> Exercise: Retype every line from the top of the entries down to the one with "ピアス キャッツアイ風 ストーン | PlusNao | 詳細画像3", both included, and skip the pictures.

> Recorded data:
================================
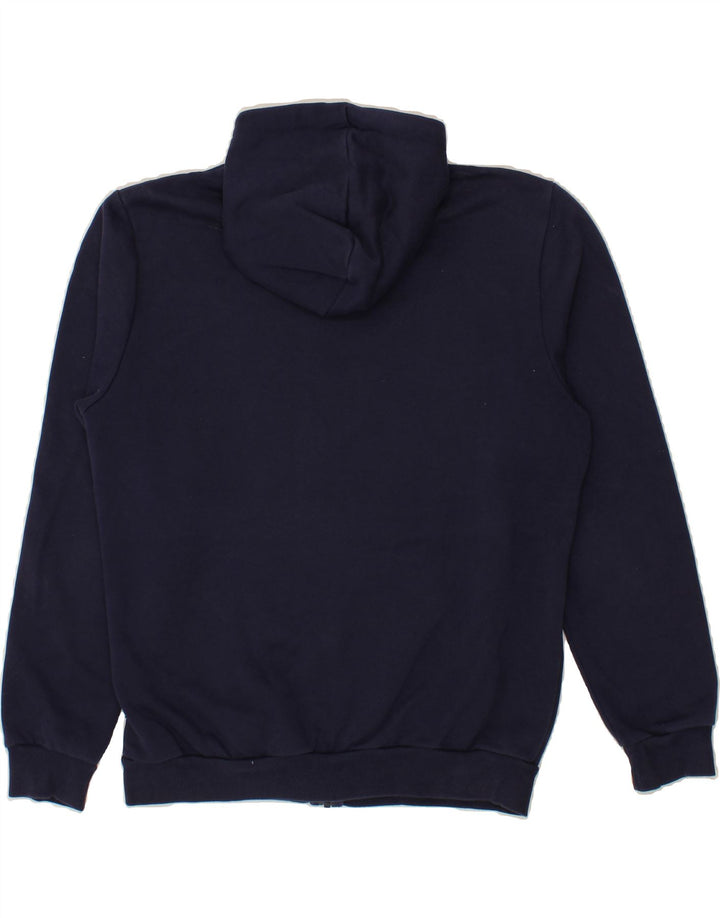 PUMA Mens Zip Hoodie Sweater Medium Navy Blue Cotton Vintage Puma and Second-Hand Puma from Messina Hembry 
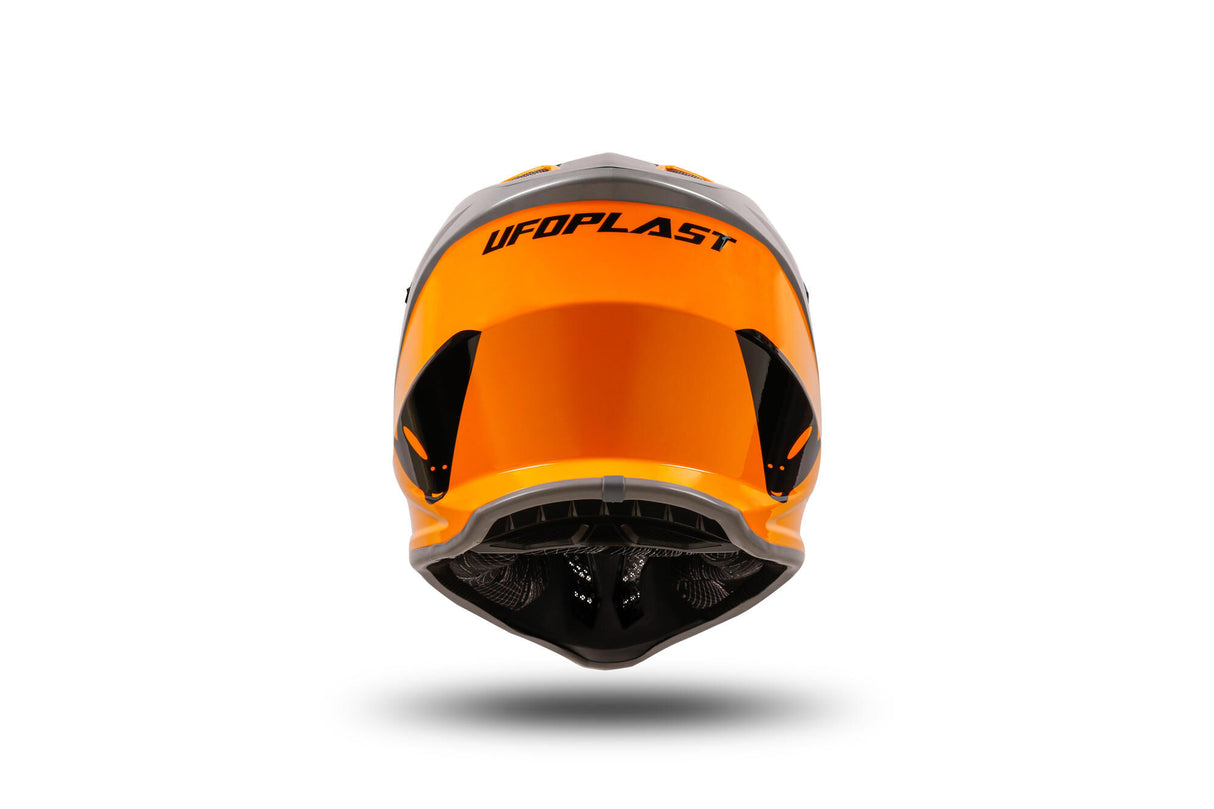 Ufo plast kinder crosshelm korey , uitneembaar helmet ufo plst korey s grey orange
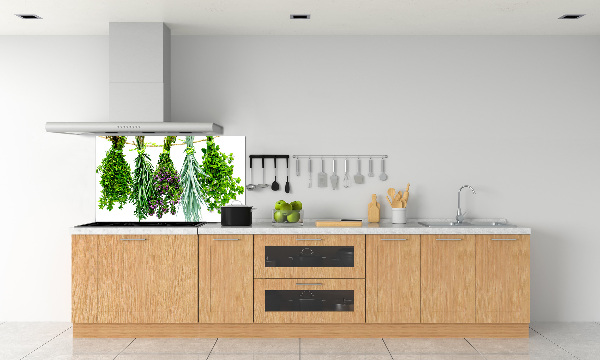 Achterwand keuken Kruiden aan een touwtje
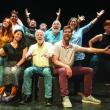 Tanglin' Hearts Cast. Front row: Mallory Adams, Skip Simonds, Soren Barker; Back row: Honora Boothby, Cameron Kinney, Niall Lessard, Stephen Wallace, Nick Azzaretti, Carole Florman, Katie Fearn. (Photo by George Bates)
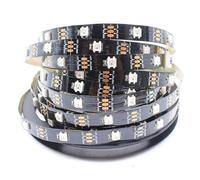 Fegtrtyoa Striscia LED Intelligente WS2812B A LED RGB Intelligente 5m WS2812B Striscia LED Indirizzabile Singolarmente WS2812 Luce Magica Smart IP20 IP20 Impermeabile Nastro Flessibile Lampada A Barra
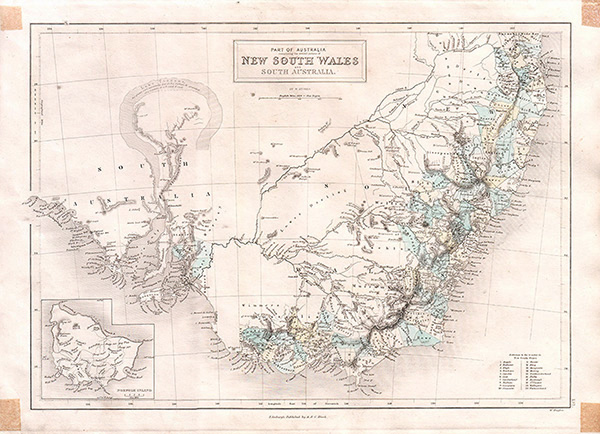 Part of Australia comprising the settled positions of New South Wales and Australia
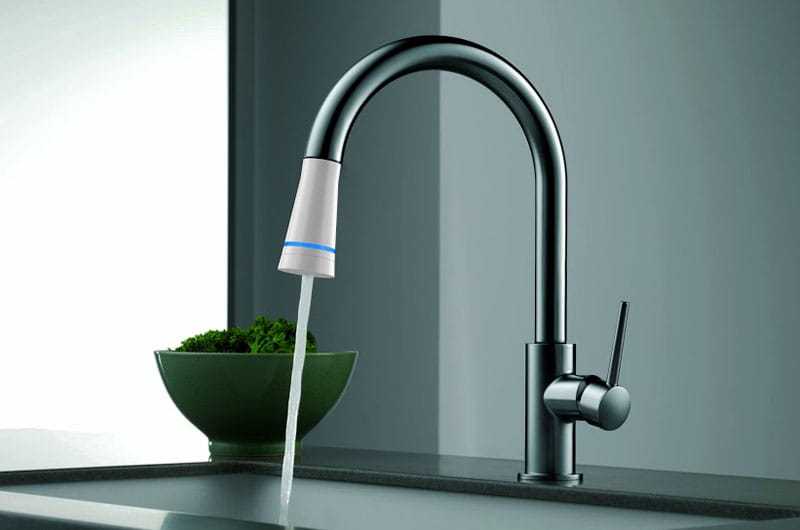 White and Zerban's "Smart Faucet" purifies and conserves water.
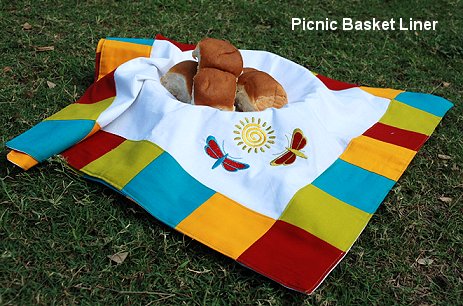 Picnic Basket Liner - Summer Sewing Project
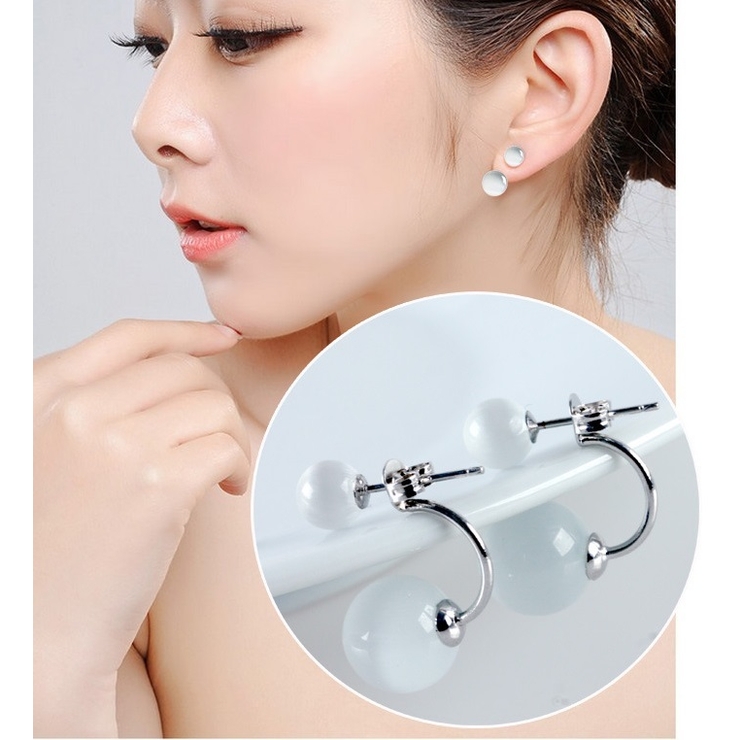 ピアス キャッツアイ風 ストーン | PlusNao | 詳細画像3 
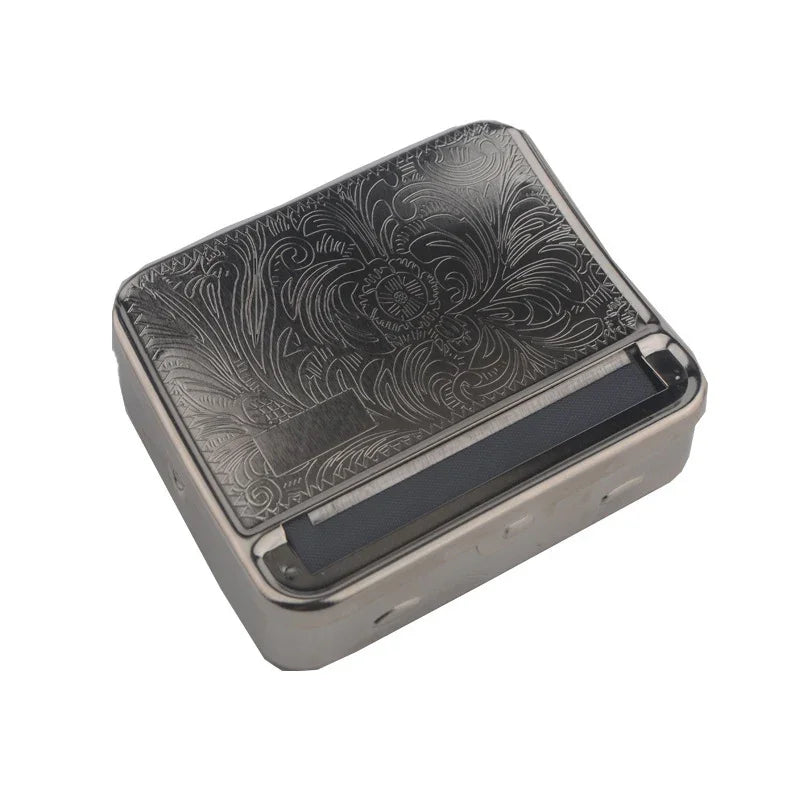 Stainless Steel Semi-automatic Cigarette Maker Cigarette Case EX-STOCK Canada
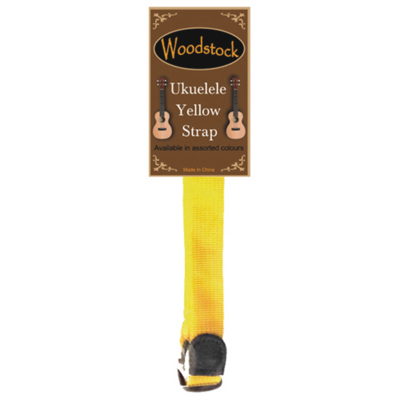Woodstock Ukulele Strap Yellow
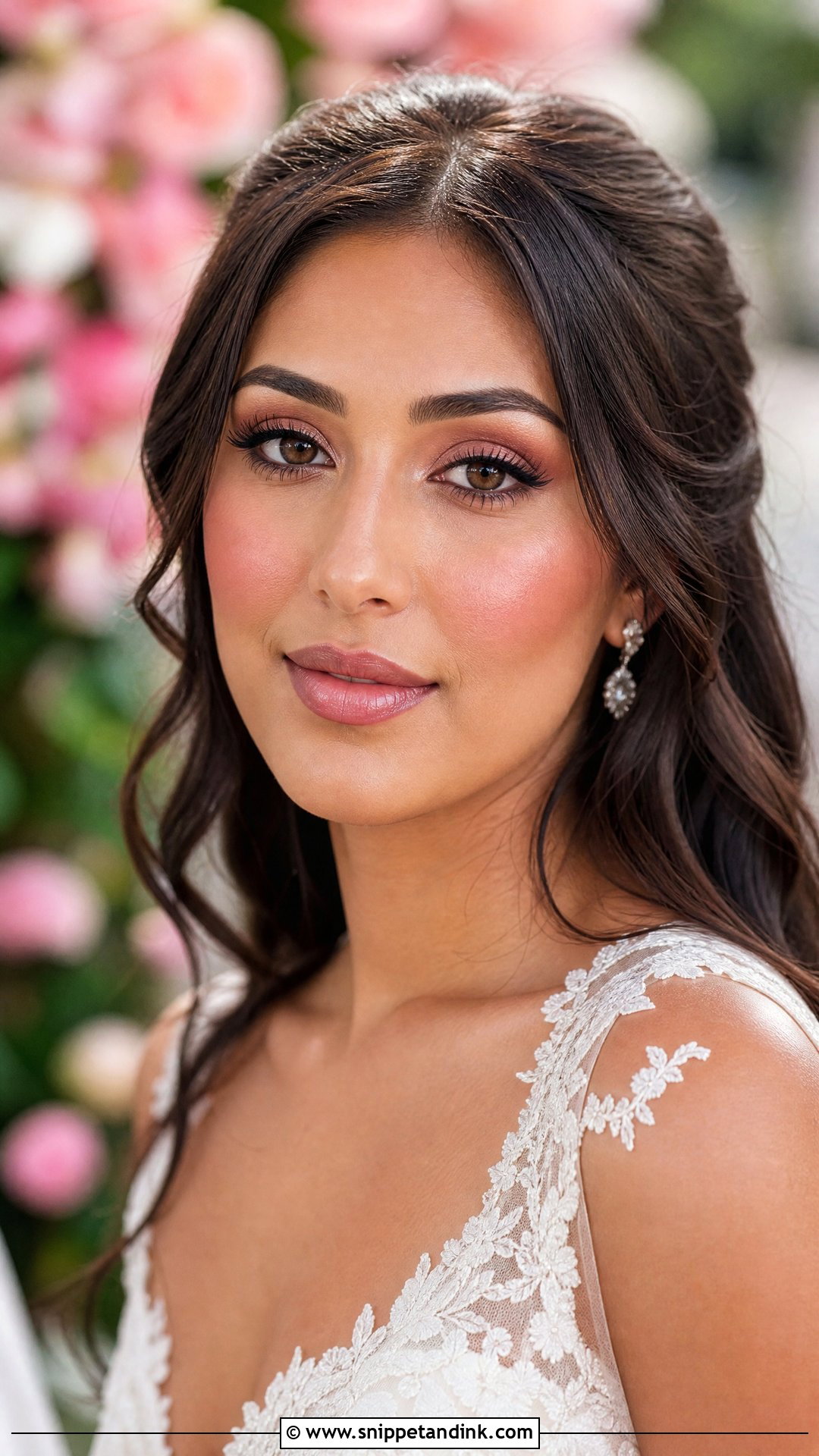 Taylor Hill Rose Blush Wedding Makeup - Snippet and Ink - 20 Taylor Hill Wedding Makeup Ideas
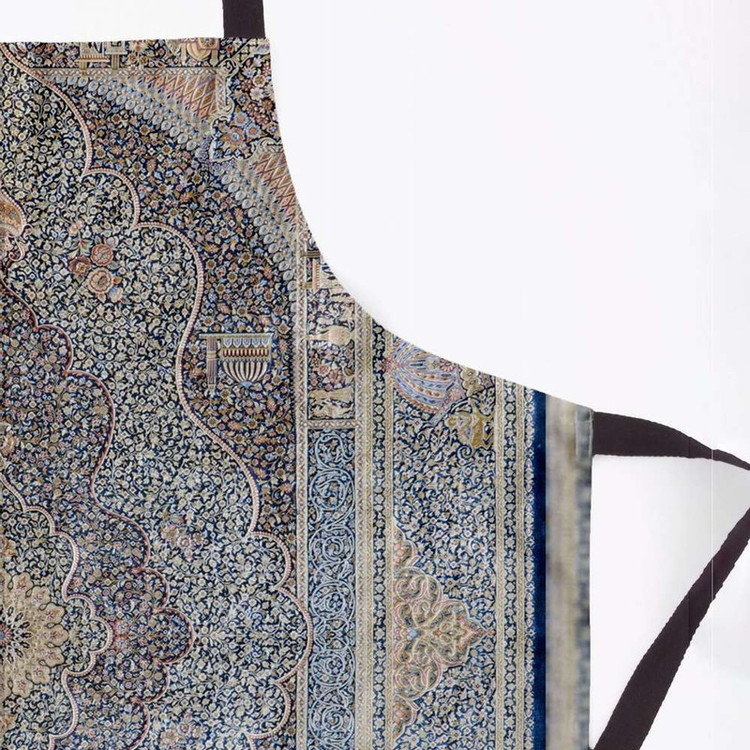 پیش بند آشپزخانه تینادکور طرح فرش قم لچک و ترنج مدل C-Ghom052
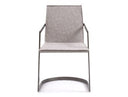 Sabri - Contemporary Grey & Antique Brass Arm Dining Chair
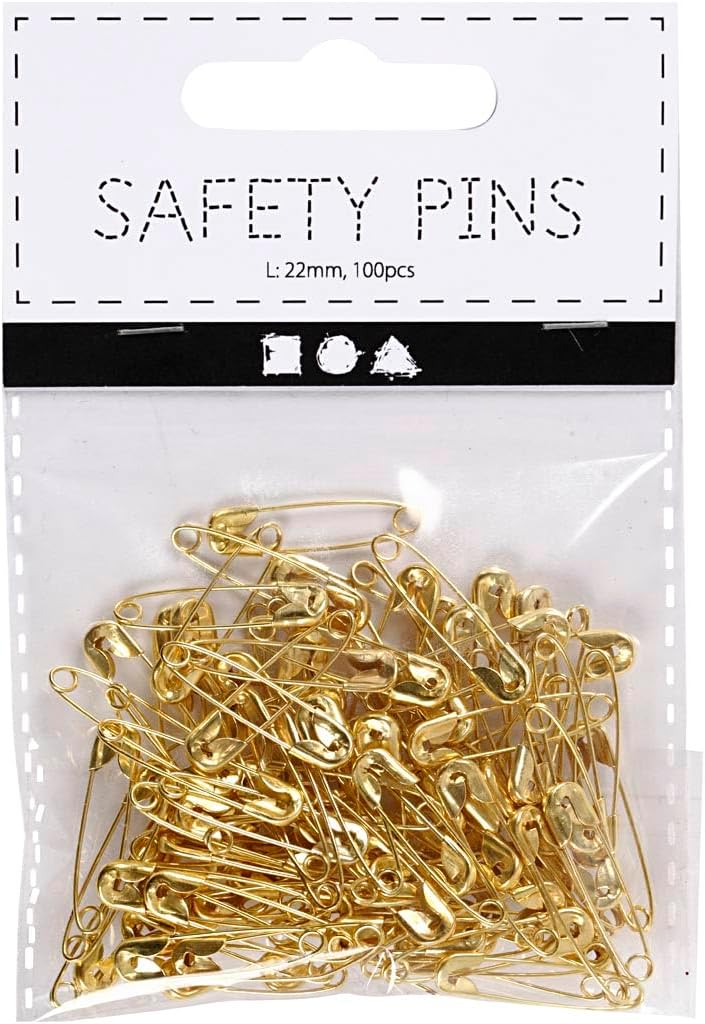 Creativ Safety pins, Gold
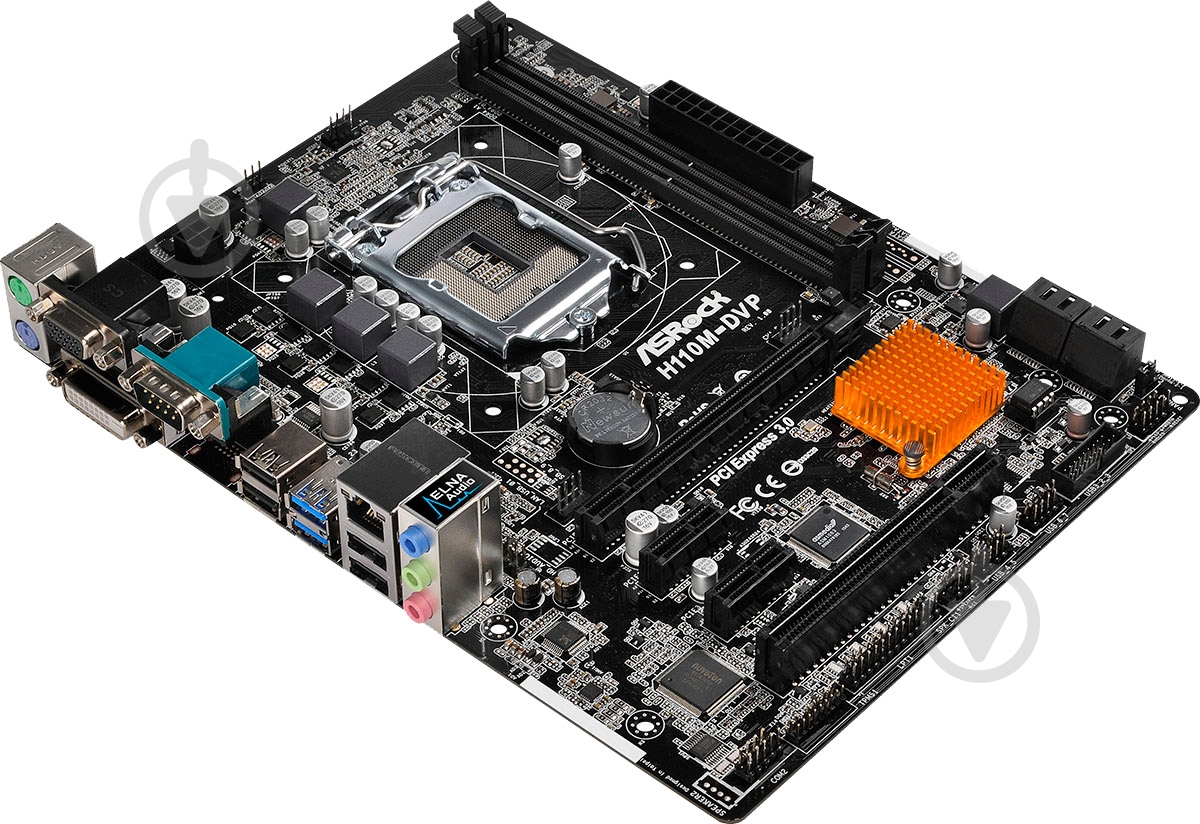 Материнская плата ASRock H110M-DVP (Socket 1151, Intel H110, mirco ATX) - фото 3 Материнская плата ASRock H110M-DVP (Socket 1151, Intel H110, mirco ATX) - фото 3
================================
> Task answer:
 PUMA Mens Zip Hoodie Sweater Medium Navy Blue Cotton Vintage Puma and Second-Hand Puma from Messina Hembry 
 Ufo plast kinder crosshelm korey , uitneembaar helmet ufo plst korey s grey orange
 Achterwand keuken Kruiden aan een touwtje
 Tanglin' Hearts Cast. Front row: Mallory Adams, Skip Simonds, Soren Barker; Back row: Honora Boothby, Cameron Kinney, Niall Lessard, Stephen Wallace, Nick Azzaretti, Carole Florman, Katie Fearn. (Photo by George Bates)
 Fegtrtyoa Striscia LED Intelligente WS2812B A LED RGB Intelligente 5m WS2812B Striscia LED Indirizzabile Singolarmente WS2812 Luce Magica Smart IP20 IP20 Impermeabile Nastro Flessibile Lampada A Barra
 Part of Australia comprising the settled positions of New South Wales and Australia
 White and Zerban's "Smart Faucet" purifies and conserves water.
 Picnic Basket Liner - Summer Sewing Project
 ピアス キャッツアイ風 ストーン | PlusNao | 詳細画像3 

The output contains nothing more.